GIVEN INFORMATION:

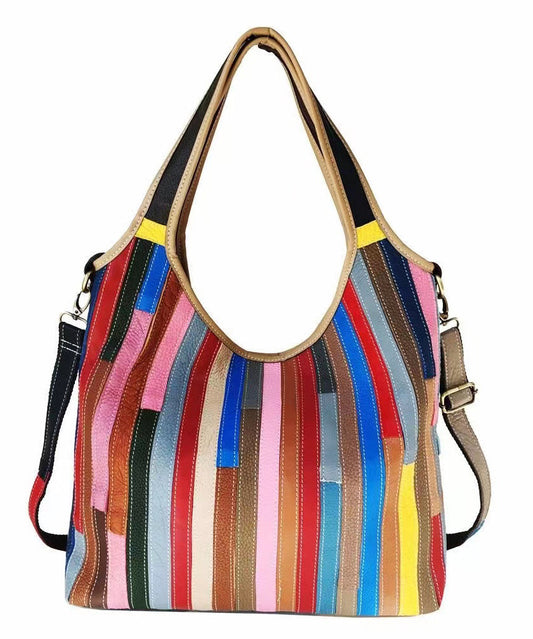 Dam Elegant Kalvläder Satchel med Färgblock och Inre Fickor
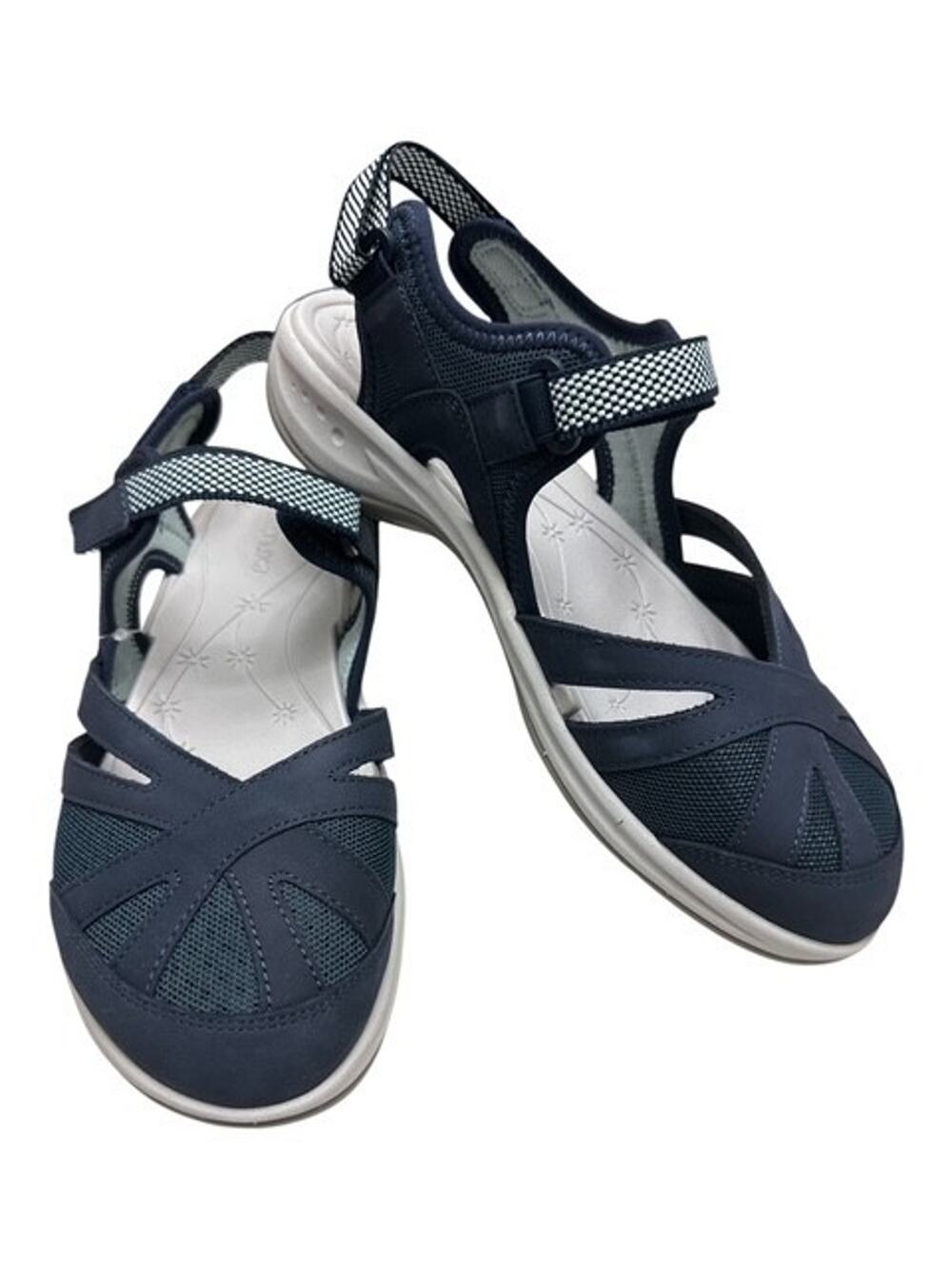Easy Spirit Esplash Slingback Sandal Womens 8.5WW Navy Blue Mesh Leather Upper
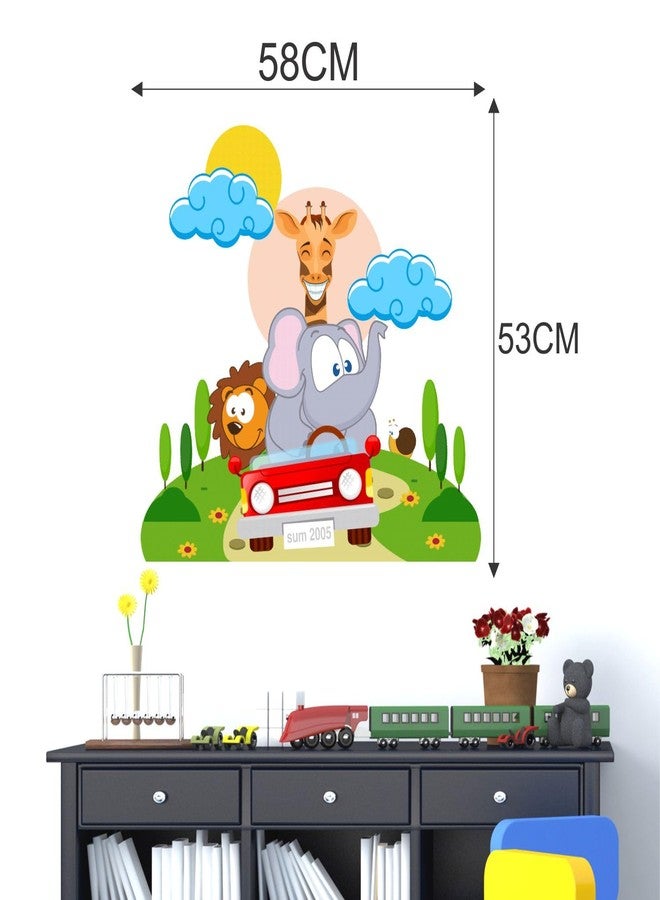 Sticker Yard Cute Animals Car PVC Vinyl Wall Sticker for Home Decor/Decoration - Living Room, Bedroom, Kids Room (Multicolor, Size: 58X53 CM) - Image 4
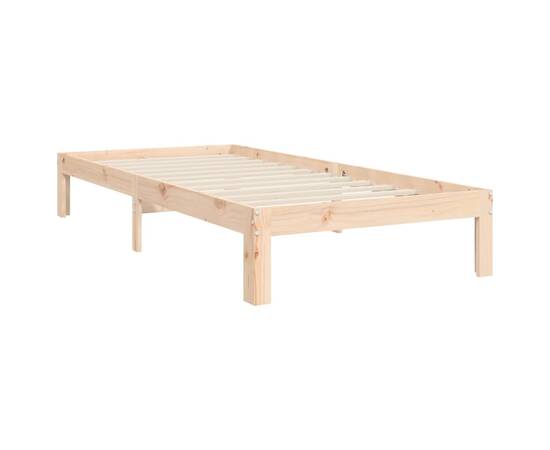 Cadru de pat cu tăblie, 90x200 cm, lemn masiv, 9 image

PROBLEM DETAILS: Copy the data word for word and omit every picture.

ANSWER SECTION:
 Dam Elegant Kalvläder Satchel med Färgblock och Inre Fickor
Easy Spirit Esplash Slingback Sandal Womens 8.5WW Navy Blue Mesh Leather Upper
 Sticker Yard Cute Animals Car PVC Vinyl Wall Sticker for Home Decor/Decoration - Living Room, Bedroom, Kids Room (Multicolor, Size: 58X53 CM) - Image 4
 Cadru de pat cu tăblie, 90x200 cm, lemn masiv, 9 image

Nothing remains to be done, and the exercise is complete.